**Data**
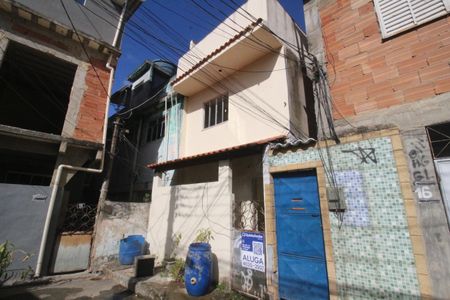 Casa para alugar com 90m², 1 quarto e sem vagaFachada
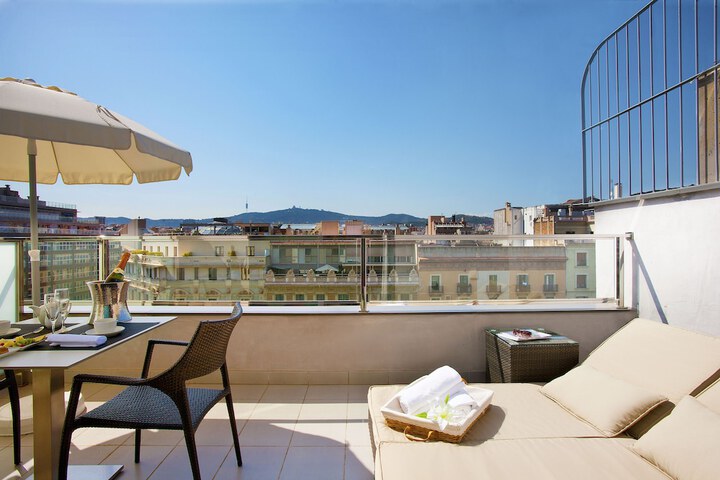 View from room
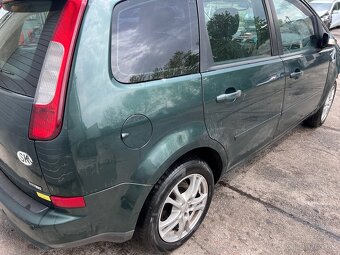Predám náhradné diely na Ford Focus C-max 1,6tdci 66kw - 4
==
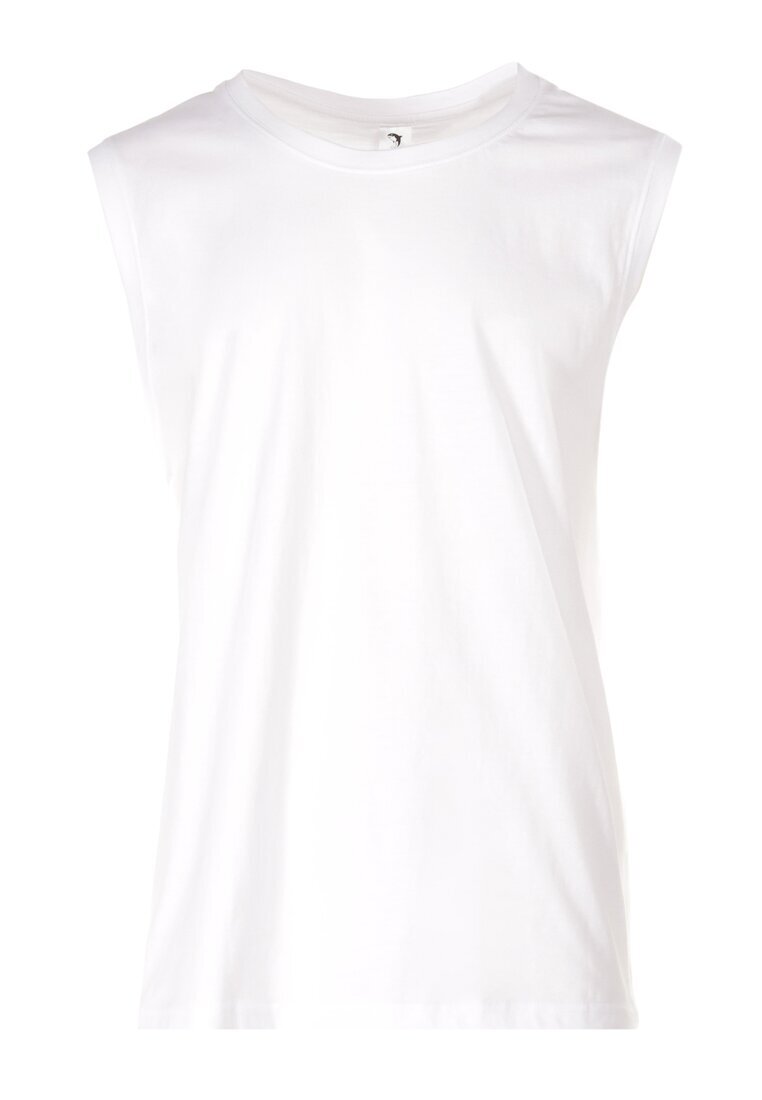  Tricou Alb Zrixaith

**Goal of the exercise**
Everything above from the line containing "Casa para alugar" down to the line containing "Predám náhradné diely" is to be duplicated exactly, both lines included, and the pictures are to be omitted.

**Reply to the exercise**
 Casa para alugar com 90m², 1 quarto e sem vagaFachada
 View from room
Predám náhradné diely na Ford Focus C-max 1,6tdci 66kw - 4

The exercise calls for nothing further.